Recensione Tunisia di Antonino d’Esposito

Tunisia, Tunisi, quartiere medio borghese di al-Basatin, manca poco allo scoppio delle proteste che daranno il la alle primavere arabe, ma nessuno lo sa. Tunisini, uomini e donne, si dibattono in una realtà asfissiante come pesci in un acquario troppo angusto in cui è stato gettato un agente chimico. Tale è l’humus socio-economico al quale Habib Selmi, autore de Le donne di al-Basatin, attinge e col quale plasma il proprio materiale narrativo. Autore prolifico e apprezzato (finito due volte tra i finalisti dell’importantissimo Arabic Booker Prize, nel 2009 e nel 2011 col romanzo in questione), Selmi, classe 1951, è diviso tra Tunisia e Francia, dove si trasferisce nel 1983, e riflette nella sua produzione questa dicotomia spaziale.

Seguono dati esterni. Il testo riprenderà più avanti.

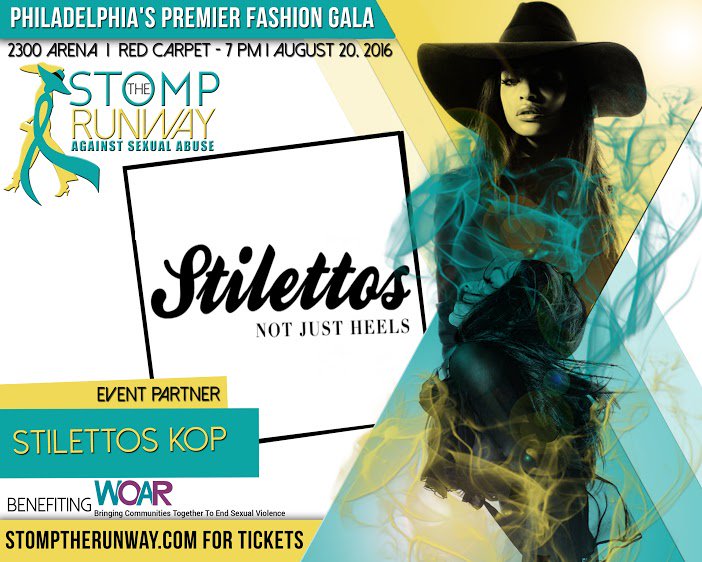 StompTheRunway_'s tweet photo. Stilettos KOP joins #str2016 on 8/20/16, tickets available at https://t.co/N0X20UPkiU https://t.co/4ZD5oo0FfQ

Le donne di al-Basatin, pur svolgendosi interamente nella capitale nordafricana, è presentato al lettore attraverso lo sguardo di Tawfiq, un professore tunisino di storia e geografia di un liceo parigino, che torna in patria per tre settimane di ferie ed alloggia a casa del fratello minore Ibrahim, nell’appartamento di un residence che questi abita, nel quartiere al-Basatin, insieme con moglie e figlioletto. Sin dal titolo capiamo bene che l’universo femminile, e in particolare quello del quartiere, sarà l’oggetto dell’attenzione di Tawfiq che da franco-tunisino offrirà al lettore la propria doppia chiave di interpretazione della realtà. La Tunisia in cui i personaggi-pesci rossi di Selmi nuotano è una nazione che dieci anni fa correva a tutta velocità verso un baratro sociale che, non a caso, si tramuterà nelle proteste del 2011. Una società paralizzata dal regime di Ben Ali, in cui la mobilità sociale è del tutto azzerata, infettata dalla corruzione e dalla crescente islamizzazione. Tawfiq atterra nella città in cui è nato dopo qualche anno d’assenza e nota tutto il disagio e il cambiamento di una nazione osservando le tre donne con cui entra principalmente in contatto: la cognata Yusra, la sorella di lei Leila e una vicina, Na’ima. Tratteggiamo dunque, seppur brevemente, le fattezze di queste donne.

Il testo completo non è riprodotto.